Paydaşlığın (ortaklığın) satış yoluyla giderilmesi halinde dava konusu taşınmaz üzerinde bina, ağaç vs gibi bütünleyici parça (muhdesat) varsa bunların arzla birlikte satılması gerekir. Ancak muhdesatın bir kısım paydaşlara (ortaklara) ait olduğu konusunda tapuda şerh varsa veya bu hususta bütün paydaşlar (ortaklar) ittifak ediyorlarsa ve muhdesat arzın değerinde bir artış meydana getiriyorsa bu artışın belirlenmesi için dava tarihi itibariyle arzın ve muhdesatın değerleri ayrı ayrı tespit edilir. Belirlenen bu değerler toplanarak taşınmazın tüm değeri bulunur. Bulunan bu değerin ne kadarının arza, ne kadarının muhdesata isabet ettiği oran kurulmak suretiyle belirlenir. Satış sonunda elde edilecek bedelin bölüştürülmesinde bu oranlar esas alınarak yapılır. Muhdesata isabet eden kısım muhdesat sahibi paydaşa, geri kalan bedel ise payları oranında paydaşlara (ortaklara) dağıtılır.

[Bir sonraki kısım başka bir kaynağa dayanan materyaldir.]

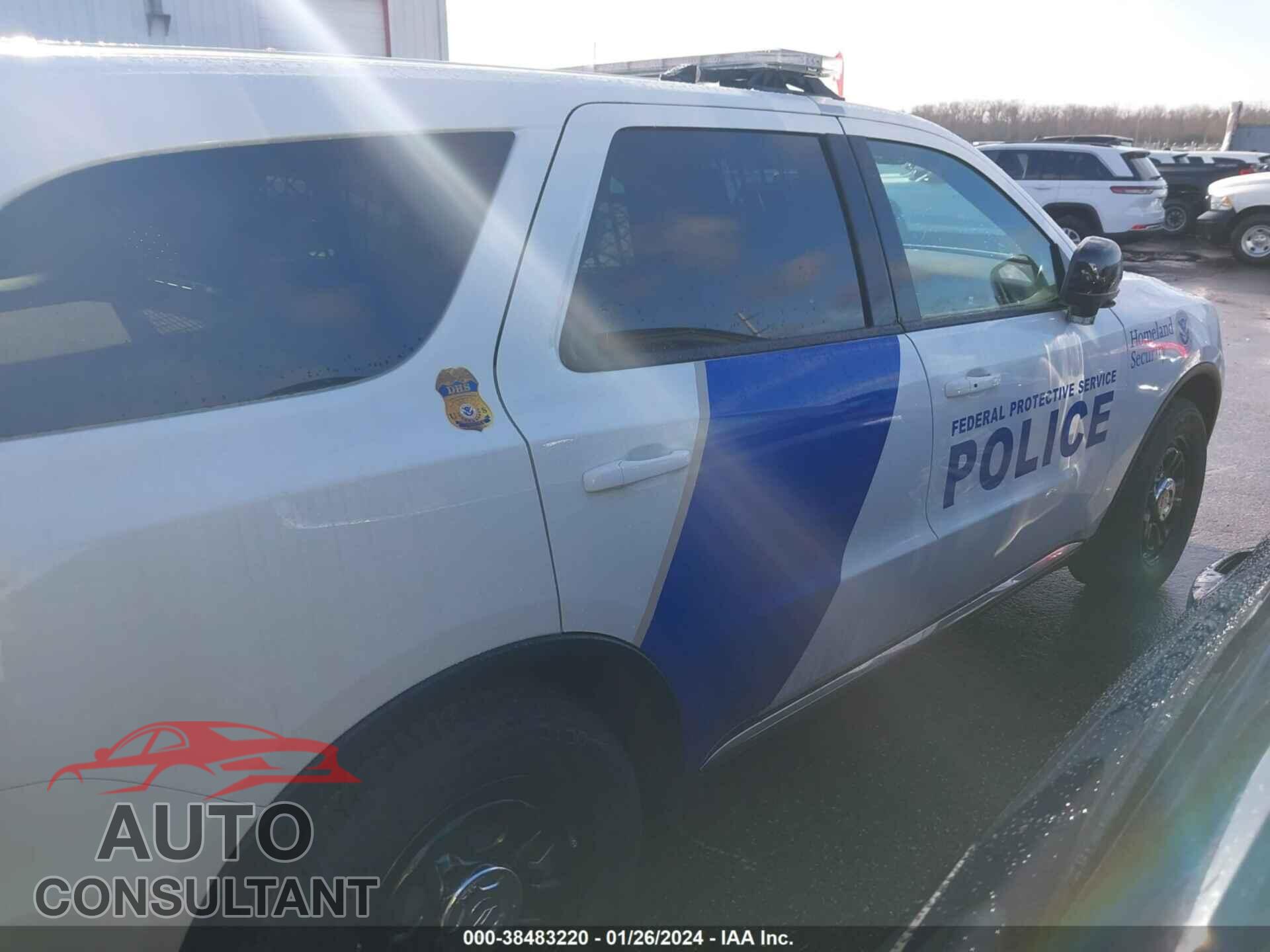 DODGE DURANGO 2023 - 1C4RDJFG8PC721424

Bütünleyici parçanın (muhdesat) arzın paydaşlarına (ortaklarına) değil de üçüncü şahsa ait olduğunun anlaşılması halinde bu kimseyi muhdesat sahibi olarak davaya dahil etme ve ona satış bedelinden pay vermek mümkün değildir.

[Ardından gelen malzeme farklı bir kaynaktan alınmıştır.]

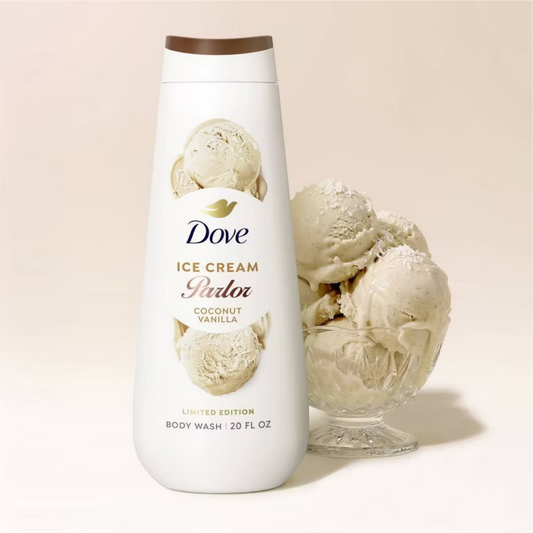 Dove Body Wash Ice Cream Parlor - Coconut Vanilla
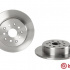 Brzdový kotouč BREMBO 08.A038.10 - LEXUS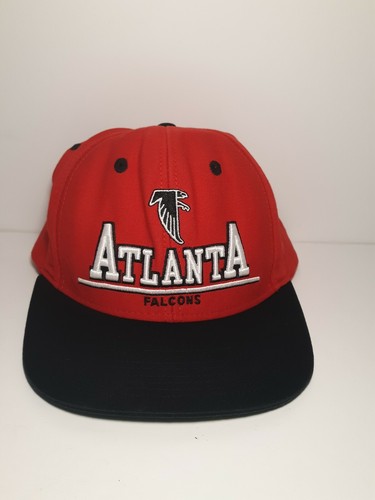 Atlanta Falcons Hat Snapback Cap Black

Somut olaya gelince; davalı ..., dava konusu taşınmazlar hakkında diğer paydaşlarla aralarında yaptıkları rızai taksime göre kendisine düşen 492 parsel sayılı taşınmaz üzerine bağ evi yaptığını ve muhtelif sayıda meyve ağacı diktiğini ileri sürerek muhdesat iddiasında bulunmuştur. Davacılar vekili, davalının muhdesat iddiasını kabul etmediklerini bildirmiş; ancak mahkemece, bu hususta herhangi bir değerlendirme yapılmadığı gibi adı geçen davalıya muhdesat iddiasıyla ilgili olarak dava açmak üzere imkan ve süre de tanınmadığı anlaşılmıştır.
Bu durumda mahkemece, taraflar arasında ittifak sağlanamadığı göz önüne alınarak muhdesat iddiasında bulunan davalı ..."ya bu konuda dava açmak üzere uygun bir süre verilmesi ve dava açıldığı takdirde sonucunun beklenmesi; daha sonra gerektiği takdirde bilirkişiden ek rapor alınarak, dava konusu 492 parsel sayılı taşınmazın tespit edilen toplam değerinin ne kadarının arza ne kadarının muhdesata isabet ettiğinin yüzdelik oran kurulmak suretiyle belirlenmesi ve muhdesata isabet eden kısmın muhdesat sahibi paydaşa, geri kalan kısmın ise tapu kaydı ve mirasçılık belgesindeki payları oranında tüm paydaşlara dağıtılması gerekirken, bu hususlar göz ardı edilerek yazılı şekilde hüküm kurulması doğru görülmemiş; bu nedenle dava konusu 492 parsel sayılı taşınmaz yönünden hükmün bozulması gerekmiştir.
SONUÇ: Yukarıda açıklanan nedenlerle davalı ..."nın temyiz itirazlarının kabulü ile dava konusu 492 parsel sayılı taşınmaz yönünden hükmün BOZULMASINA, peşin yatırılan harcın yatırana iadesine, 25.02.2021 tarihinde oy birliğiyle karar verildi.